WHAT IS REQUIRED -> In the listing below, the answer starts at the line that has "Clint Hurdle Signed" and stops after the line that has "10, MAPLINS CLOSE, RAINHAM, GILLINGHAM, ME8"; please repeat that part exactly and nothing more.

RECORDS FOR THE EXERCISE ->

=== Section Start ===

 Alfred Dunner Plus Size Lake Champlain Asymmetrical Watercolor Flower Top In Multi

=== Section End ===
=== Section Start ===

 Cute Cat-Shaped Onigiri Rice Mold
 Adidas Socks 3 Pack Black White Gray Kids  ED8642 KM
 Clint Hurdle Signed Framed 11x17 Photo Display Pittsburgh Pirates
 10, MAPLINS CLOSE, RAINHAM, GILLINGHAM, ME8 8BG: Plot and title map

=== Section End ===

OUTPUT OF THE TASK ->
 Clint Hurdle Signed Framed 11x17 Photo Display Pittsburgh Pirates
 10, MAPLINS CLOSE, RAINHAM, GILLINGHAM, ME8 8BG: Plot and title map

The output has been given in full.